◆ REQUIRED ACTION:
Beneath this line are the data; copy exactly the part of them that opens with the line containing "Fahrradreparatur-Werkzeugsatz - Bike X Parts" and closes with the line containing "Matthias Lens - Matthias", and only that part.
───── DATA EXTRACTS
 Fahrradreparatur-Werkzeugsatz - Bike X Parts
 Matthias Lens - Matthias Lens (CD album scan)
──────────
───── DATA EXTRACTS
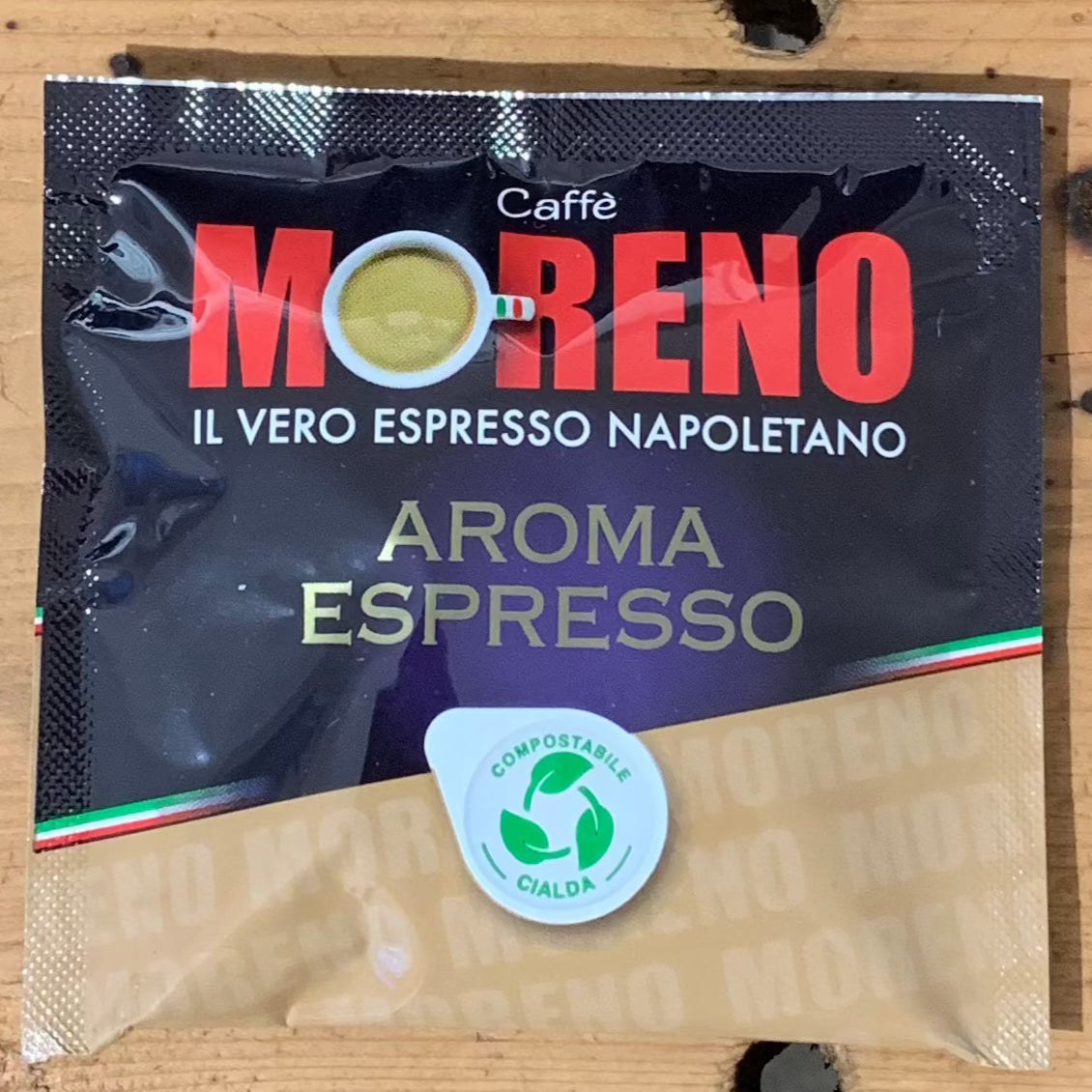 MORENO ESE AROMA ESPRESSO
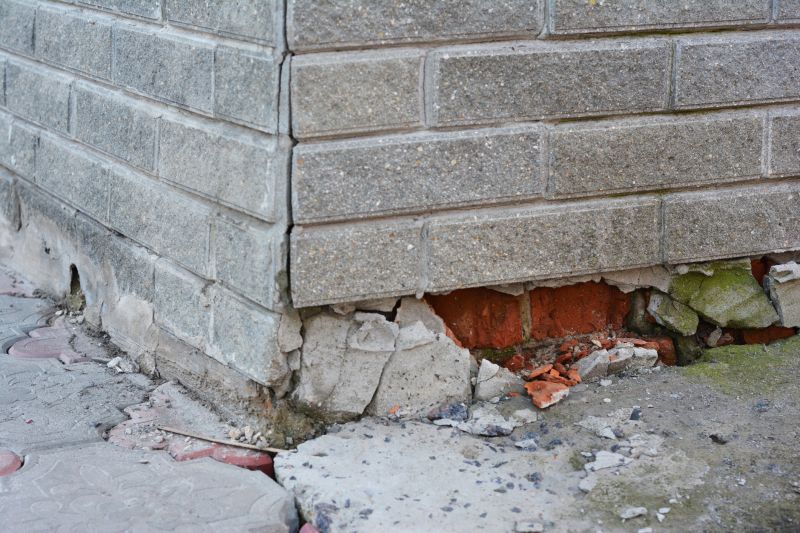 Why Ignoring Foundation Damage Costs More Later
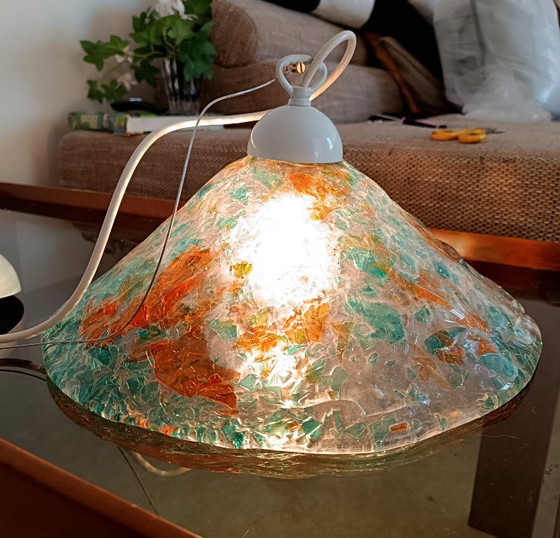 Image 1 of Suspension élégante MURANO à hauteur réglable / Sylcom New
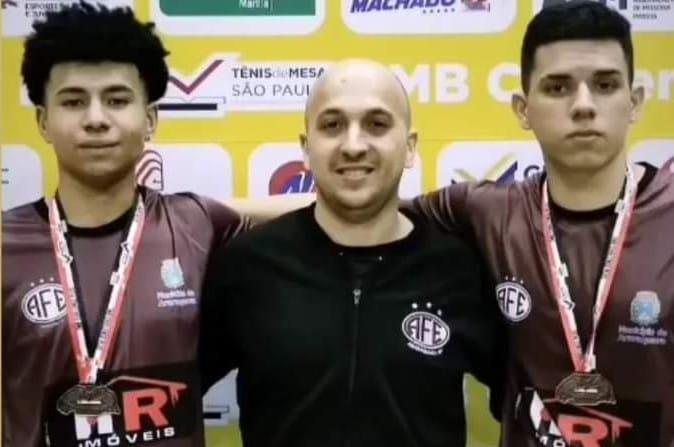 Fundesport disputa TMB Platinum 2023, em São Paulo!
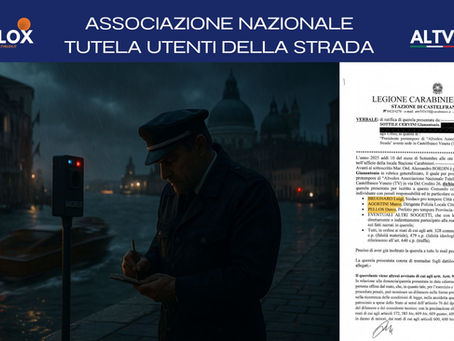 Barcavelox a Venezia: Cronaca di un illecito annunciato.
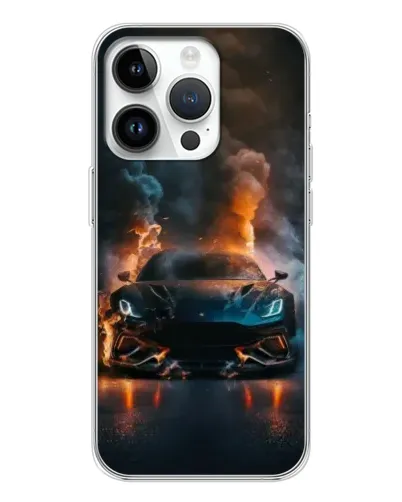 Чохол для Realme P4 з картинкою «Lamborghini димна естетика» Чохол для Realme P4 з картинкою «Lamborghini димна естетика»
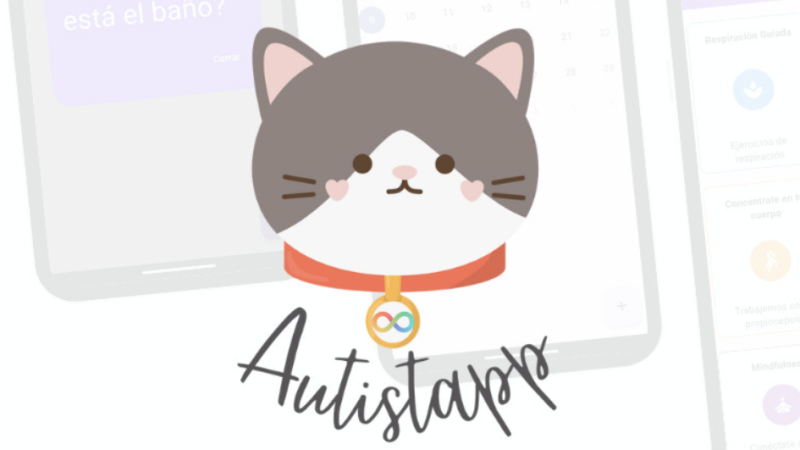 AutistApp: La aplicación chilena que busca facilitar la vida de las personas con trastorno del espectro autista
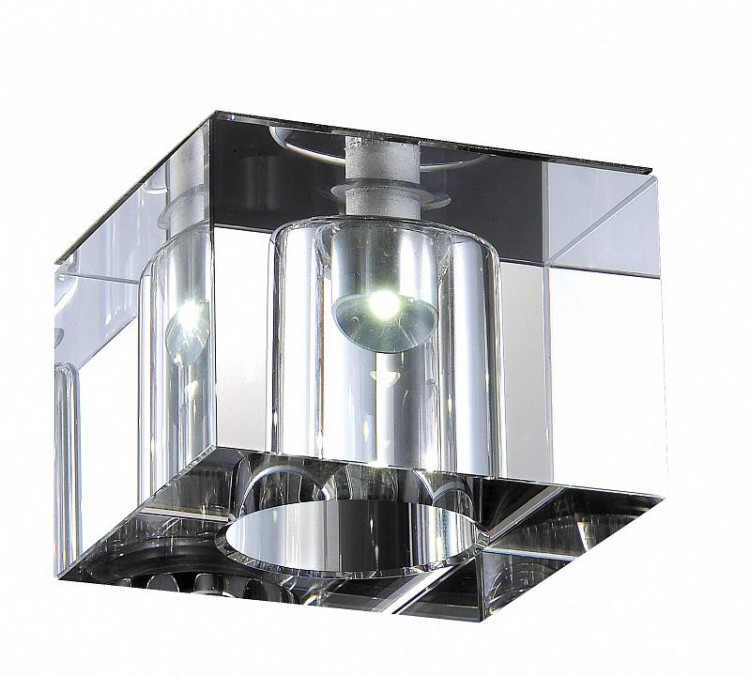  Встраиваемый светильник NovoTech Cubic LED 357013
──────────
───── DATA EXTRACTS
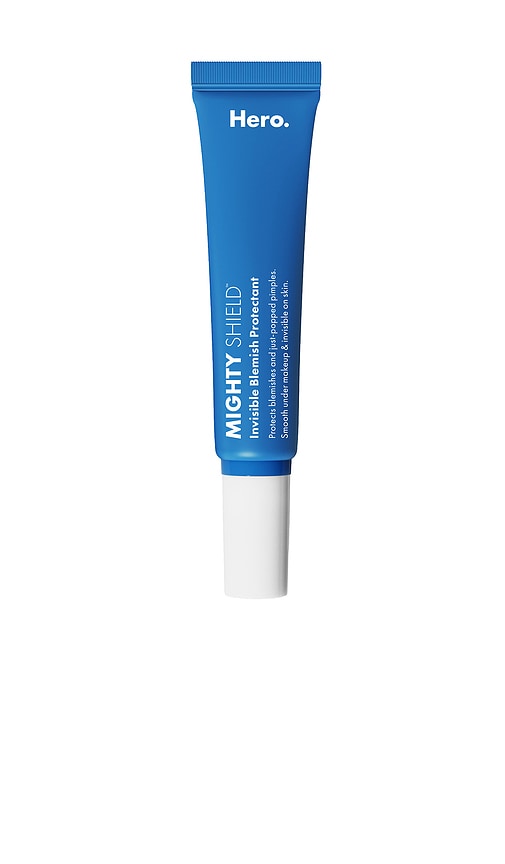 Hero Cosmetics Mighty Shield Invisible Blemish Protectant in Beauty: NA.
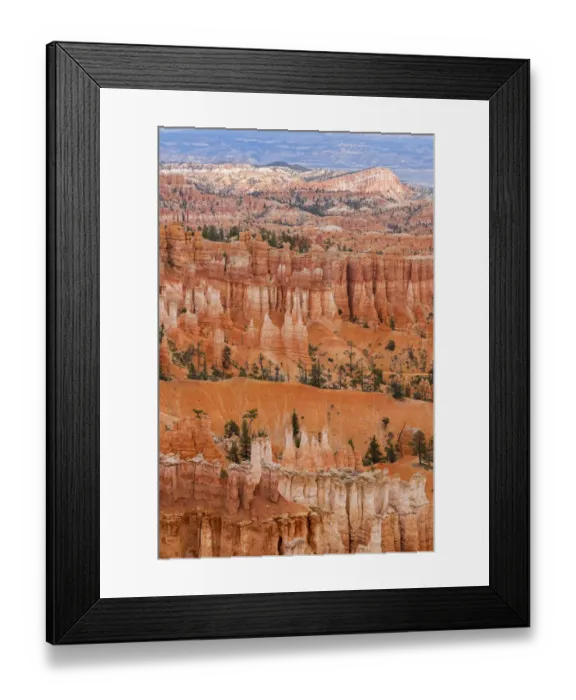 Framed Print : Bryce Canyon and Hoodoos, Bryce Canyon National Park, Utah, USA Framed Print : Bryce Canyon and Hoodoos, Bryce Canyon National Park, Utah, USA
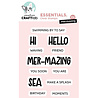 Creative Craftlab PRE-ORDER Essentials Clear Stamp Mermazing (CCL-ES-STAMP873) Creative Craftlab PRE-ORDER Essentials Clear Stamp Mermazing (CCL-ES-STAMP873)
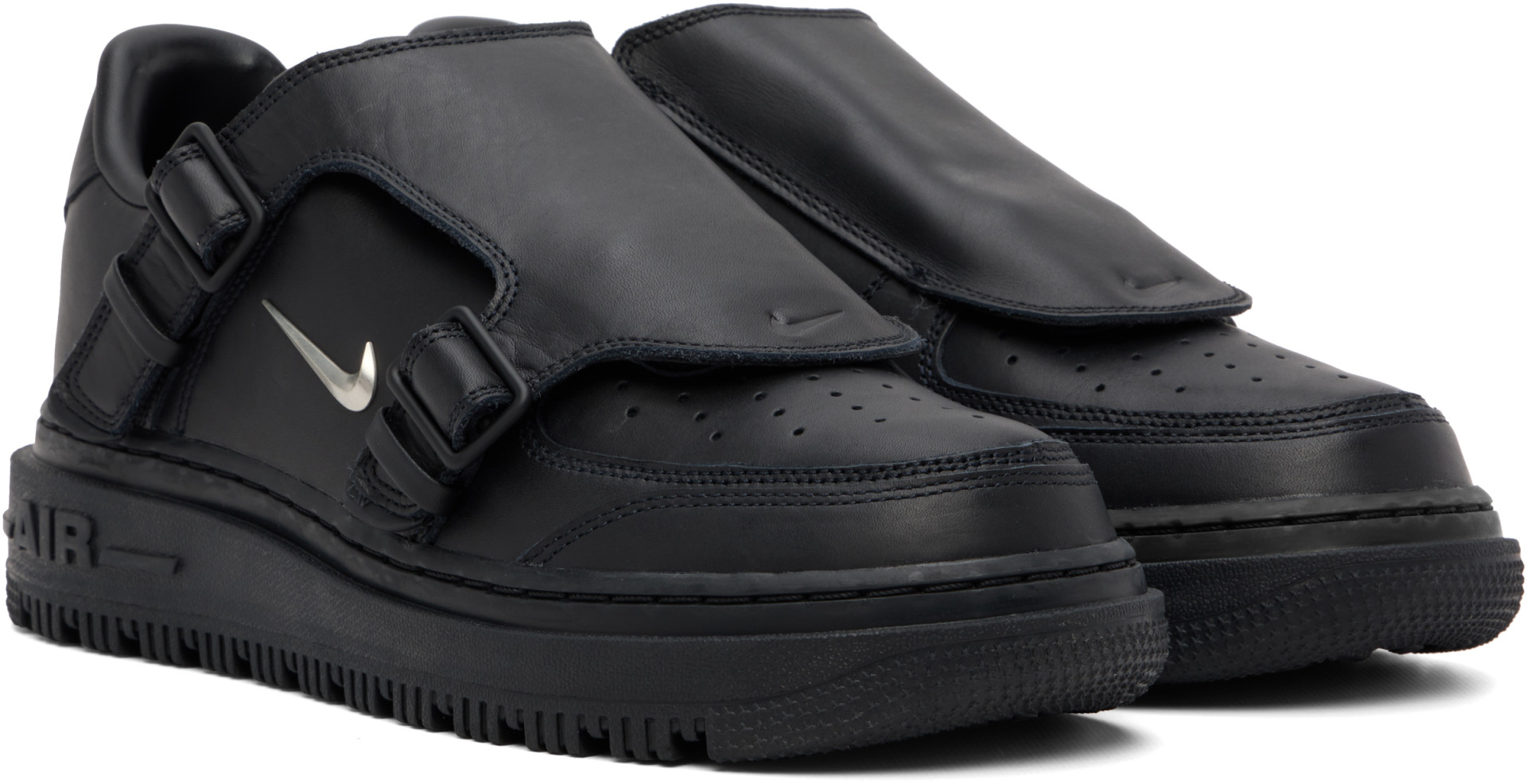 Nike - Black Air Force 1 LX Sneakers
──────────
◆ SOLUTION:
 Fahrradreparatur-Werkzeugsatz - Bike X Parts
 Matthias Lens - Matthias Lens (CD album scan)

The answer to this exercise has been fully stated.